Professional help, both consultants and software, is available. But this is also something you can address yourself for launch. Get professional photos made (another place not to DIY) and create a thoughtful profile on each site, providing all the information they allow. Many of these sites offer paid plans that allow more visibility or promotion. You can start with free options, at least until you know which sites your patients use, and upgrade later if it makes sense.      

Step Four: Conduct Basic Marketing

With a plan, a website and a basic digital footprint, you are ready to do the basic marketing that comes with a launch.

For example, you can send out announcements of your opening; update and post to your Linkedin account; introduce yourself at community organizations and meetings; or sponsor an informational meeting or grand-opening reception. In each case, you can refer everyone you encounter, digitally or in person, to your website for more information.

One common addition is a basic content and email program. You can post new content to your site several times a month designed to answer patient questions, establish yourself as an expert and encourage people to book an appointment. Using a basic email tool like MailChimp, you can then send out a monthly newsletter that contains that content.

Both the newsletter and the content itself become tools to reach large numbers of new people. The goal is to create a virtuous circle: patients looking for answers find your content, book an appointment and become patients. They then receive the newsletter, which continues to educate them, makes them aware of new services and reminds them that they are part of an active and caring healthcare community.

Next Steps for More Advanced Marketing

Of course, all of this can get more sophisticated. For example, a practice can use search engine optimization (SEO) to make it easier for potential patients to find content. It can advertise on websites and social media platforms to promote that content or to increase newsletter signups.

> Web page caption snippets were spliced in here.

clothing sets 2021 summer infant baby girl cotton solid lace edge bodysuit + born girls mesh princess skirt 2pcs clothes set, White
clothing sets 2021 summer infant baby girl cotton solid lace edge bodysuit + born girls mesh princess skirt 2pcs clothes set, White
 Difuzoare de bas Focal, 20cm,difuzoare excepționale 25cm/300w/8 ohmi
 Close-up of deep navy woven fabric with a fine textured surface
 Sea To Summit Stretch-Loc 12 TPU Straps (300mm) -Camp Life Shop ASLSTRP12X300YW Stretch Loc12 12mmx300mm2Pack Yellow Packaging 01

When it is time to expand, many doctors turn to a medical marketing firm that can bring both expertise and capability. The right firm will understand how to effectively use search engine marketing (SEM), digital advertising, paid social media promotion, video and traditional media. They can create an integrated, multi-channel program. Equally important, they can carry that program out, track how it performs and make adjustments.

The trick is to manage costs. To be effective, a marketing firm has to generate a return on investment that justifies its fees. If you pay them $10, they need to generate $11 in business to make the effort worthwhile. Good firms are very conscious of this equation and become highly invested in your success because it is directly tied to their own.

If all of this seems involved, it certainly can be. The good news is that you don’t have to take it on all at once. Put the basics in place first and grow your marketing program over time.